Zudem hatt5e eine notwendige Umstellung der IT-Systeme, die im zweiten Halbjahr 2022 umgesetzt wurde, den Geschäftsbetrieb erheblich beeinträchtigt. Die Gruppe hat dabei eine Mainframe Lösung durch eine moderne Systemlandschaft ersetzt. Die Umstellung, die ebenfalls hohe Kosten verursachte, ist die technische Grundlage für die Transformation der Gruppe gewesen.
Die Firmengruppe mit Sitz in Pforzheim wurde 1923 gegründet und entwickelte sich vom klassischen Katalog-Versender zum internationalen Multichannel-Distanzhändler mit Fokus auf das Online-Geschäft.
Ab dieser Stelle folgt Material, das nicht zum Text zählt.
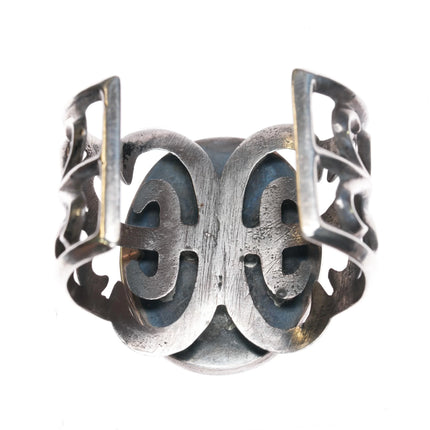 6.1" Vintage Zuni Gaun Dancer Inlaid cuff bracelet cast sterling silver - Estate Fresh Austin
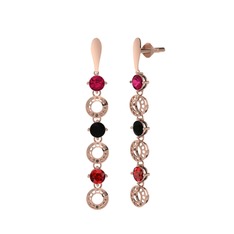Leilani Küpe - Rodolit garnet, siyah zirkon ve garnet 925 ayar rose altın kaplama gümüş küpe #1o18bck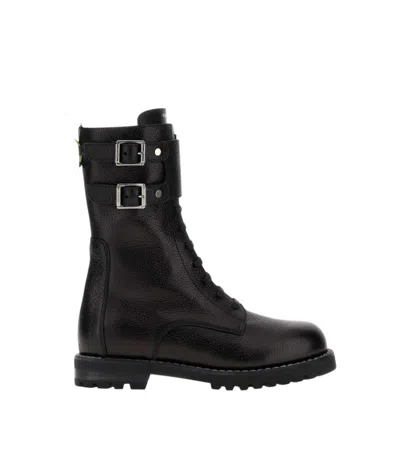 Fendi Black Leather Biker Boots In Multi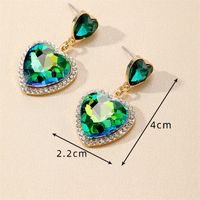 1 Pair Retro Simple Style Heart Shape Inlay Copper Glass Drop Earrings main image 3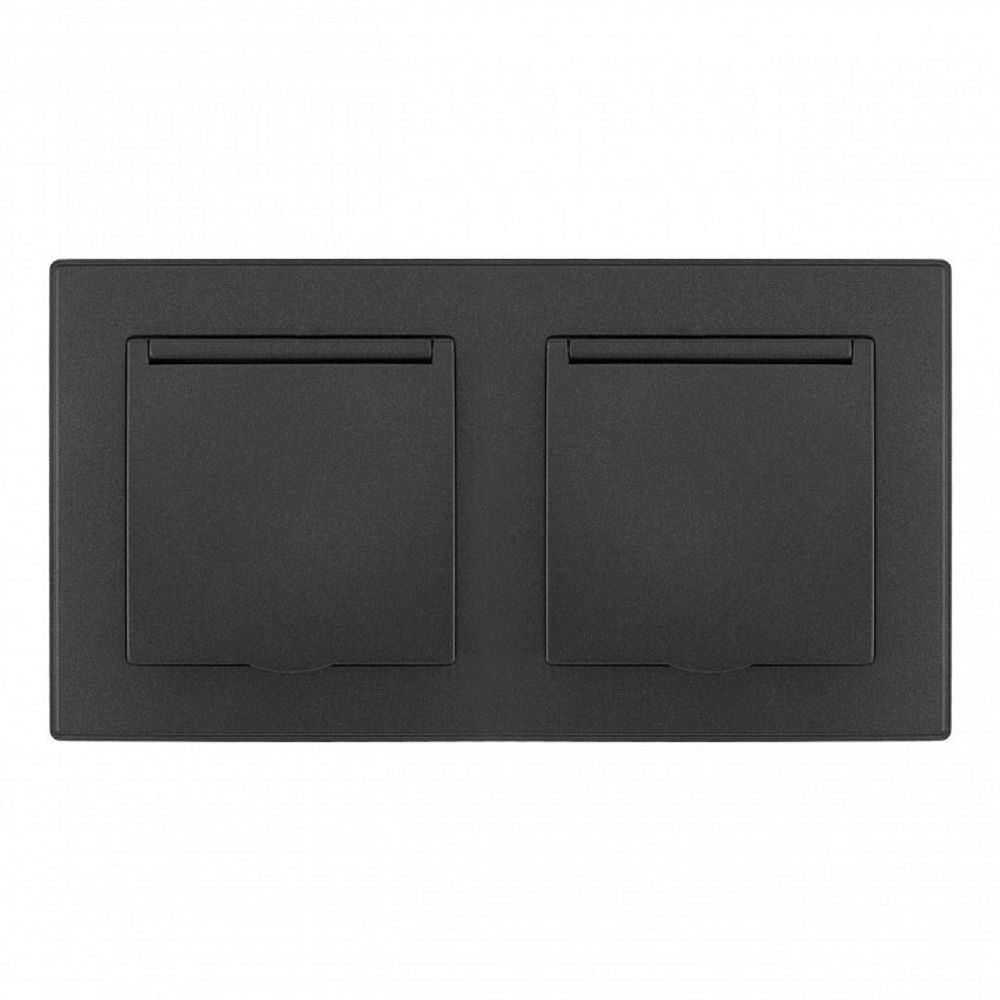 Розетка влагозащищенная с заземлением и со шторкой с крышкой Arte Milano SET06-2 SET06-2-41-1x2 black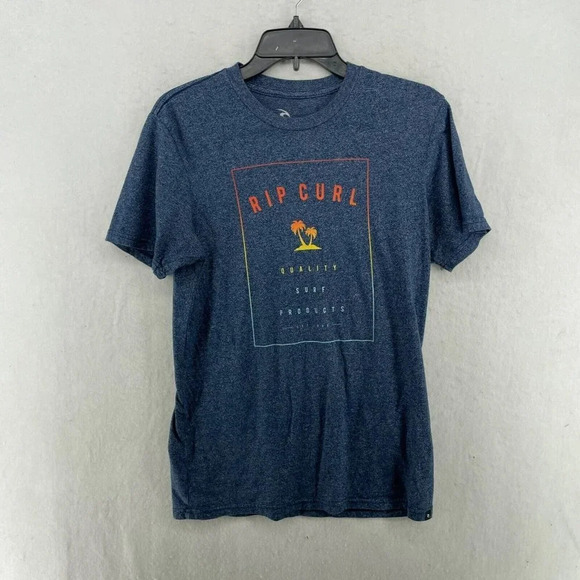 Rip Curl T-Shirt Men's Sz S Blue Heather Standard Fit Crew Neck Graphic Print - Picture 1 of 11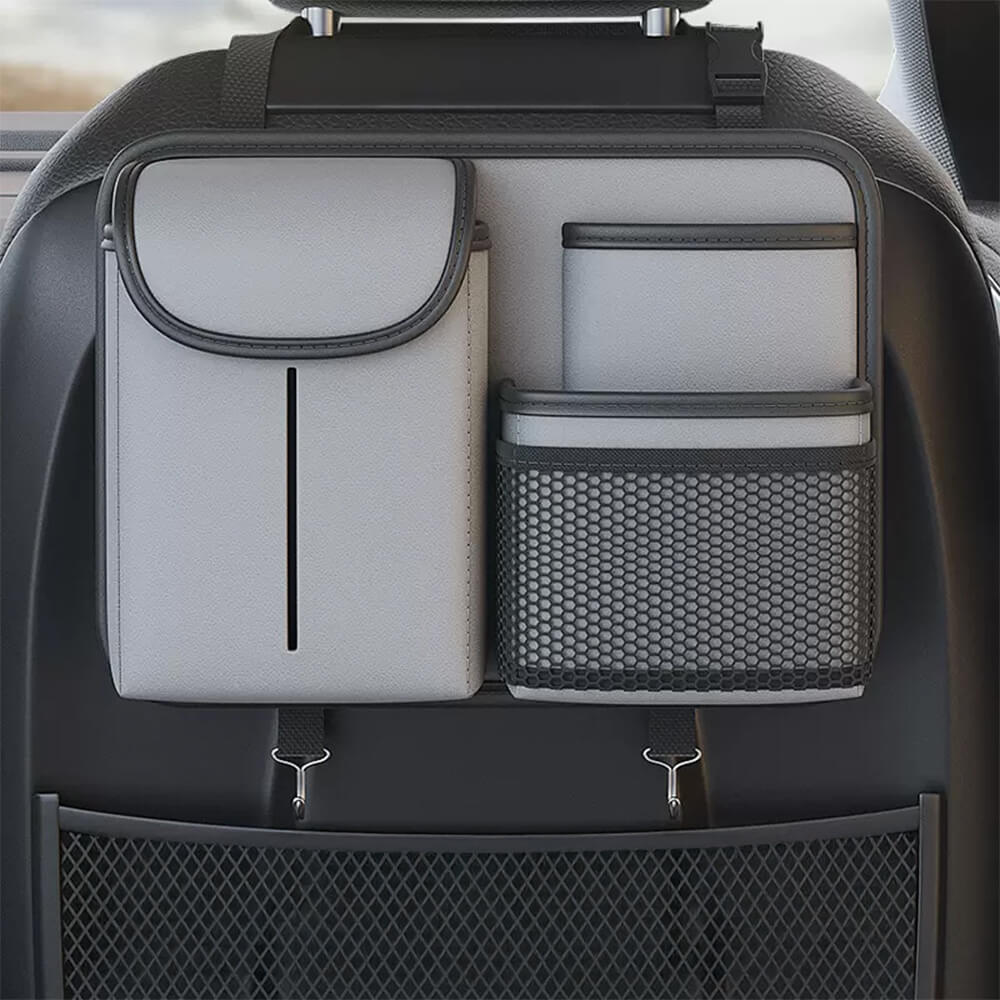 Compact Car Seat Back Organizer with Tissue Holder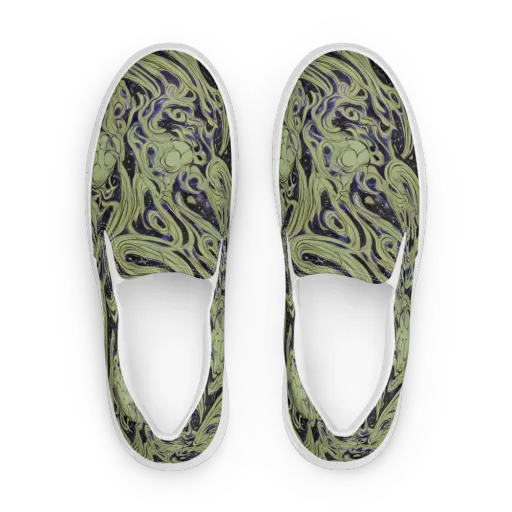Indigo Swirl on a Women's Slip-On Canvas Shoes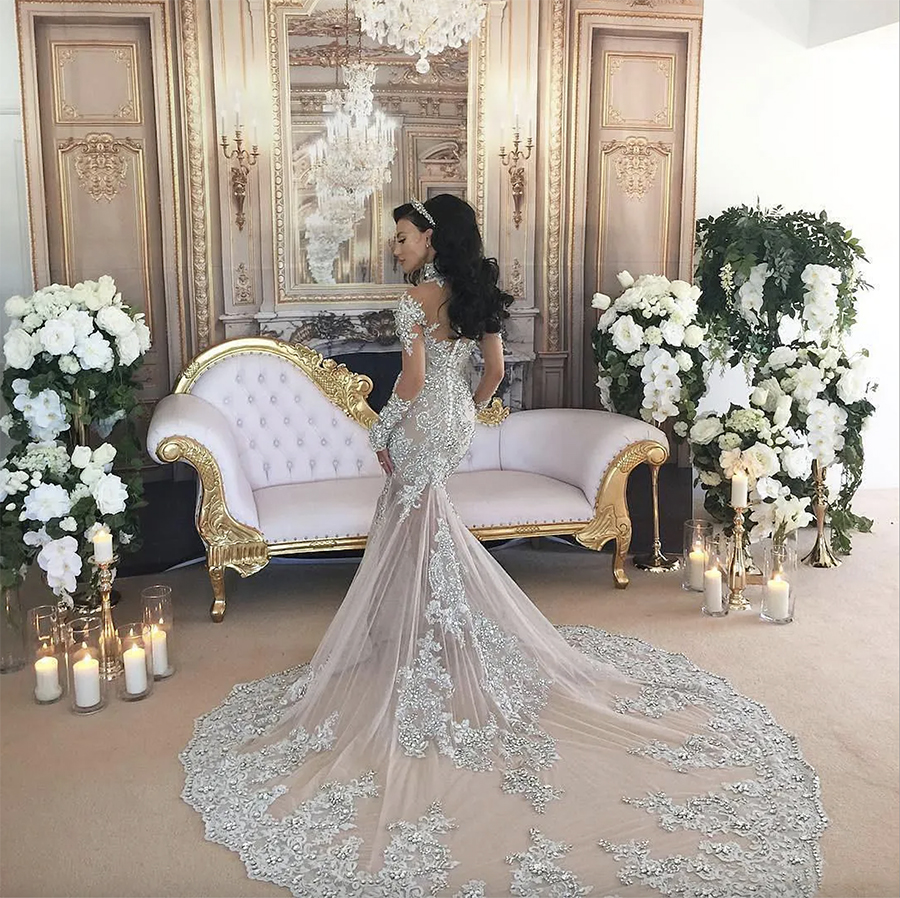 Robe de mariée luxueuse en cristal strass, col haut, perles appliquées, manches longues, robe de mariée sirène, magnifique robe de mariée de Dubaï, surjupe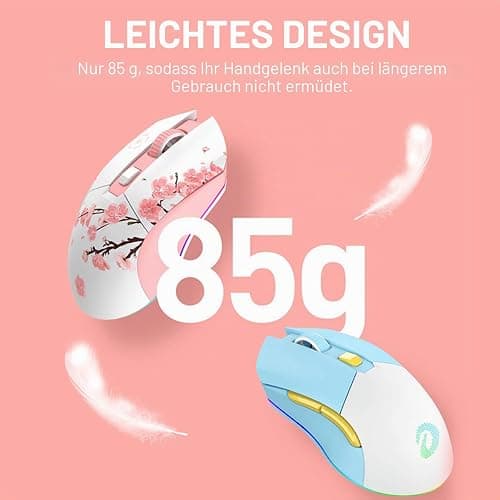 DAREU Sakura Pink Gaming Maus Kabellose mit Magnetic Charging Dock Wiederaufladbar RGB,12K DPI, 6 Programmierbare Tasten, Hochpräziser Sensor 300IPS 1000Hz für PC Notebook Mac thumbnail 2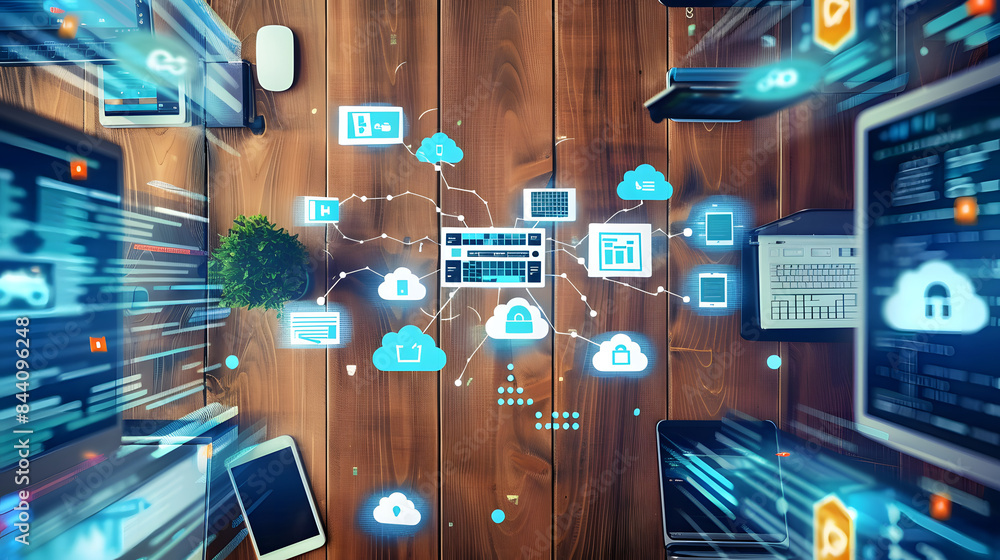 Poster the latest document management technologies in action, featuring smart devices, cloud-based collabor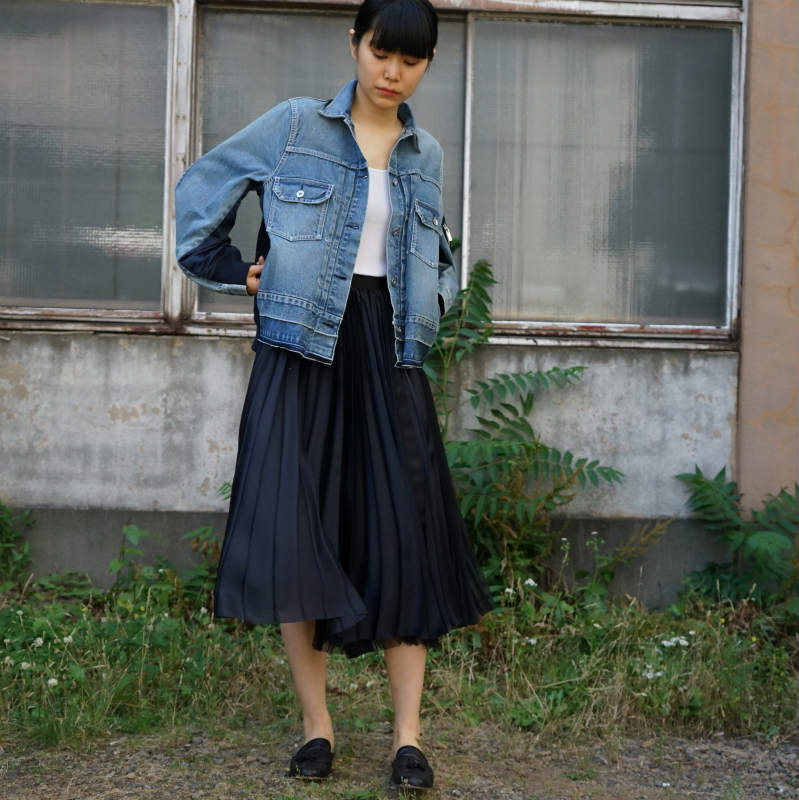 約46ｃｍsacai  Denim MA-1 jacket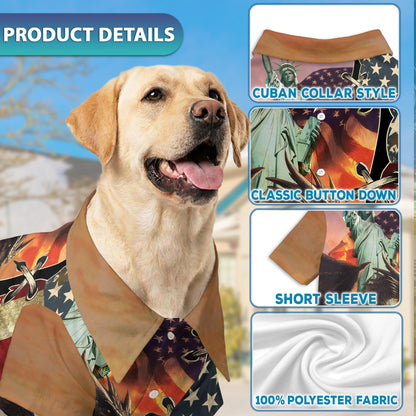 Dragon US Flag Matching Dog Owner Hawaiian Shirts, Funny Pet Aloha Shirt for Beach Vacation - Azhawaiian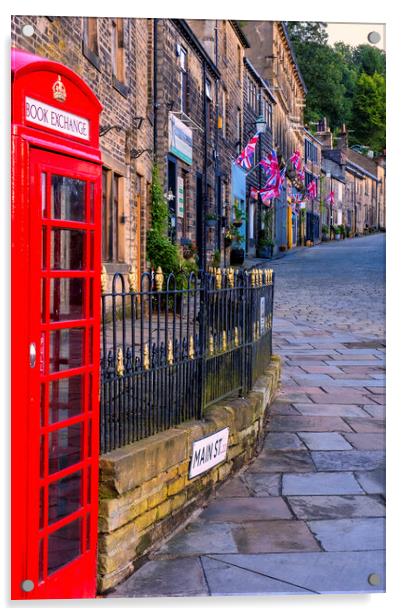 Haworth Main Street: Bronte Country Acrylic by Tim Hill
Zahlreiche Marken gehören zum Unternehmen. Dazu zählen die Marken KLiNGEL , WENZ und MONA für Damenmode, die Männerbekleidungsmarke BABISTA , der Schmuckanbieter DIEMER , die Plus-Size-Modeanbieter HAPPYsize , MIAMODA und Meyermode sowie der Schuh-Versender Vamos und die Gesundheitsmarke WELLSANA . Gemeinsame Zielgruppe der Marken sind Best Ager.
Die Umsatzerlöse der Gruppe lagen im noch mit positivem Ergebnis abgeschlossenen Jahr 2021 bei knapp 1 Milliarde Euro. Mittlerweile sind noch 1.300 Mitarbeitende übrig, für die eine Auffanggesellschaft sorgen soll. Die weiteren Gesellschaften der Firmengruppe im In- und Ausland beschäftigen insgesamt mehr als 250 Mitarbeiterinnen und Mitarbeiter und befinden sich derzeit nicht in einem Insolvenzverfahren. Hierzu laufen noch Gespräche über das weitere Vorgehen. Die Einzelmarken sollen, wenn möglich verkauft werden.